【タイトル】
PEASANTS,PIGS&ASTRONAUTS
【アーティスト】
KULA:SHAKER
【リリース】
1999/2/27
【トラック】
[1]GREAT HOSANNAH
[2]MYSTICAL MACHINE GUN
[3]S.O.S
[4]RADHE RADHE
[5]I'M STILL HERE
[6]SHOWER YOUR LOVE
[7]108 BATTLES (OF THE MIND)
[8]SOUND OF DRUMS
[9]TIMEWORM
[10]LAST FAREWELL
[11]GOLDEN AVATAR
[12]NAMAMI NANDA―KANDANA

【総合評価】3.7


 英国ロックバンド、クーラ・シェイカー。ヴォーカルであるクリスピアン・ミルズを中心とした4人組。バンドロゴでは「A」や「H」が小文字になっていたりする。

 ブログ開始初期の頃に洋楽オムニバスである『MAX6』(評10)を取り上げたのだが、その中に『MYSTICAL MACHINE GUN』が収録されていた。イギリスで旋風を巻き起こし、日本でも1997年リリースのアルバム『K』が20万枚超えセールスを記録。普段から洋楽を嗜む方で知らない者はおそらくいない。洋楽に馴染みの無い当方でも確かに印象は強かったものの、そこからアルバムを追ってみようという気持ちまでには至らなかった。

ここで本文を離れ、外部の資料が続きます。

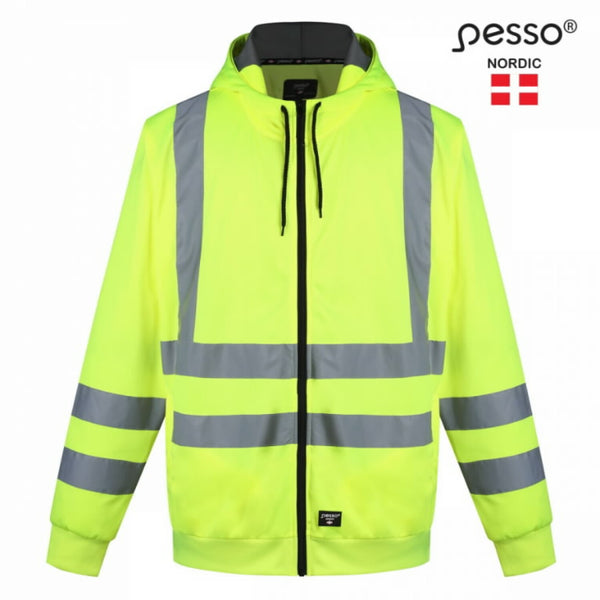 Hi-vis jaka ar kapuci FL03G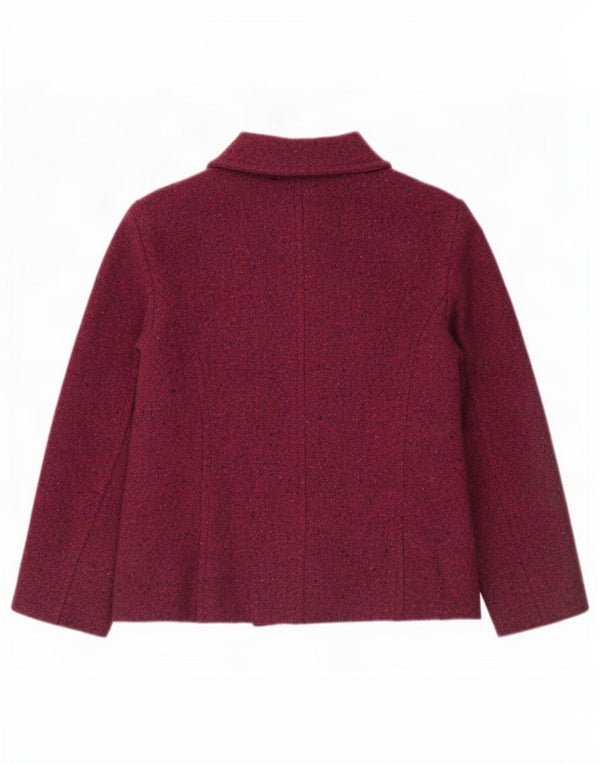 Blarney en Mills Veste blazer à 4 boutons pour femme UK 16 Large Bordeaux moucheté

 それが数年前レンタル落ちの商品を何気なく漁っていると見覚えのあるジャケットが。『MAX6』に楽曲やアーティストの紹介とともにモノクロのジャケットが掲載されている、それがインパクトがあって目に焼きつくほどではないが忘れてもいなかった。

 CD帯のキャッチコピーは、初見では何を言っているのかよく分からない。後々解ってくるが、おそらくバンドとりわけクリスピアンの世界観に引っ張られたのだろう。これではレンタル落ちいえども購入の決め手にはならない。しかし店舗側で「名盤」のシールが貼ってあった、成程もし何かあっても店舗がそう推していたと言い訳出来るなと思って結局購入した。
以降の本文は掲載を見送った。